〈ライブの感想〉

 

  当日は主催者として,客席の一番後ろの高いところからライブを拝見しました。
 お客さんの反応とバンド・メンバー全員の演奏を見るのに,とても適した場所でした。
 スタートはハスクリア。
 お客さんにとって,美潮さんは初めて見る人ですから,興味はあれど緊張といいますか,人見知り状態にあったと思います。でも神秘的といったイメージで,つかみはOKです。前半は美潮さんも緊張は大いにあったと推測します。何たって顔見知りがいないのですから。お互い固くなっていたような感じでした。
 しかし,曲ごとの合間に美潮さんのトークが入り,4曲目の「まっすぐ」あたりからリラックスモードに入っていました。
 お客さんもスタート時の不思議な存在からトークを経て,気取らない気さくな人柄を理解し,ぐいっと中に入ってきました。
 前半の最後は「走れ自転車」子供さんへのプレゼントです。子供達は目を輝かせて喜んでいました。
 全体的には前半はゆったりめの曲が多く,お客さんは癒し系の歌手だと思っていたそうです。

 

 20分程の休憩を挟み,後半は一転してエンジンが掛かり,スタートの「弁天システム」からラストの「私は宝」まで,全くといって良いほど,無駄のないエキサイティングな演奏でした。 特に10曲目の「恋」から「窓」へと本格的などこまでも伸びていくボーカルを聴かせ,ただ者ではない歌唱力と「やっとだね」で軽快な踊りが入り,ラストの「私は宝」へと続く展開は,私のイメージではありますが,かつて私がエアロスミスの「ロックス」やクイーンのセカンドアルバムを聴いたときと同じ様な,トータルな怒濤のグイグイと押し迫りくるとてつもない迫力を感じました。
 観客はゆったりとしたイメージの美潮さんから力強い美潮さんの両面を見て,大興奮です,私は美潮さんの本来のタイプは,ステーヴン・タイラーやフレディー・マーキュリー,ロバート・プラントのように,湧き上がる感情で唄う人なのではと感じているのですが,皆さんはどう思いますか?
 最後にアンコールの「まだ」は,チャクラが大好きだった私へのプレゼントでした。
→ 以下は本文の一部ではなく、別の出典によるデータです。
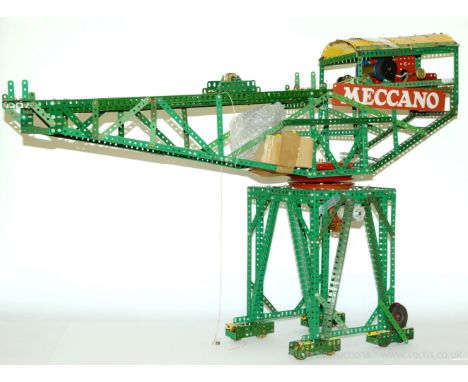 Meccano block setting crane built using parts in red, green and yellow mounted on a 4-pillar base with double sets of wheels 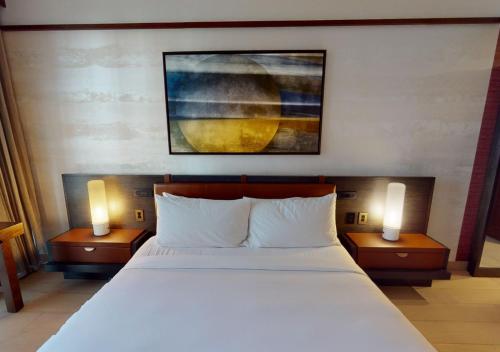 a bedroom with a large bed with two lamps at Nobu Hotel Atlanta in Atlanta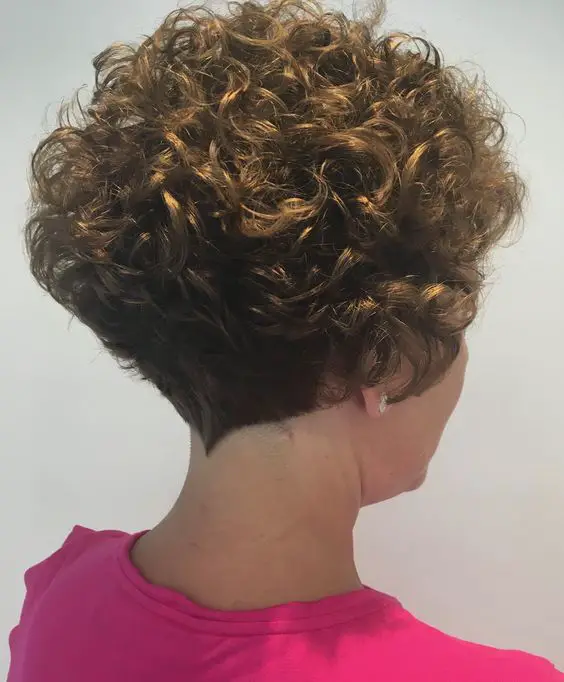 very short natural curly wedge haircut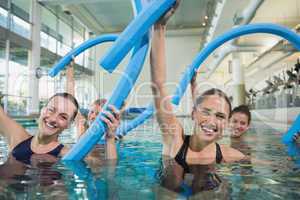 Happy fitness class doing aqua aerobics with foam rollers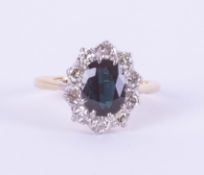 An 18ct white and yellow gold oval sapphire and diamond cluster ring, size O.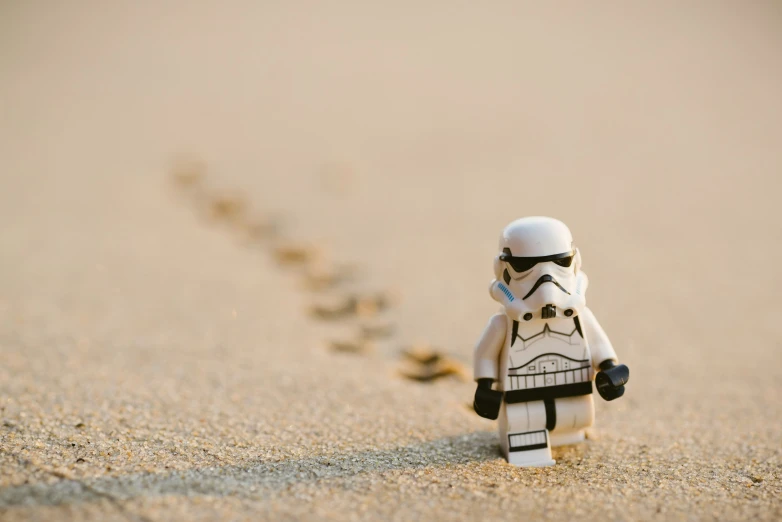 small toy figurine wearing a helmet and sunglasses standing in the sand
チャクラのファーストから何百回とレコードが擦り切れる程聴いていた私にとって,サード・アルバムのラストの「まだ」は,ショッキングな曲でした。
 歌詞を見て「なぜ未完成」で終わるのか訳が分からないままに置き去りにされたような気がしました。
 ところが今回のアンコールの「まだ」は,ゾンビのように蘇り,息を吹き返し,最大限のパワーあふれるハードロック「まだ」に変身しました。
 時を経て,心臓がばくばくするような,ハッピーな「まだ」を聴けるとはただただ幸せです。
 歌詞やいきさつを知らないお客さんは,幸せなことを唄った曲と思って帰ったでしょうね。
 演奏は大成功。

 

 後日,お客さんの話ですと,帰りに早速CDを車の中で聴いて帰った人も多いようです。
 詞や曲に完全にはまったお客さんも多くいたという事は,何を見て何を感じたのか,歌詞の持つ大切さを教えてもらった気がします。
 今回の私のテーマは「皆と一緒にお祝いをしたい感謝ライブ」でした。以前東京で美潮さんに「ひとりで! みんなと!!」というメッセージ付きの色紙をいただきました。今でも「私の宝」です。

 

 武道では「自他共栄」という言葉がありますが,美潮さんから「みんな協力して仲良くやってね」ということを伝えてくれたライブでした。だからこそ最後の「まだ」が意味をなしてくるのです。
 バンドのメンバーのひとりひとりとお話をさせていただき,更に東京から来た方々とも知り合いになり,美潮さんを支えている人達の優しさと本気さを伺うことが出来ました。
 大川さんの骨折の痛みをパワーにかえた立ち上がっての演奏。勝俣さんのシャイながらも真剣な表情,れいちさん,MACさんのリズミカルなノリの良さ,Ma*Toさんの手堅い演奏,そしてあとでの発見で,名曲「窓」はMa*Toさんが作っていたという事実。
 あらためて完成度の高いバンドだと思います。アドリブも盛りだくさん。
 曲の構成も素晴らしく,私は大満足です。

 まとまらない感想ですが,とにかく感動的なライブで,大成功でした。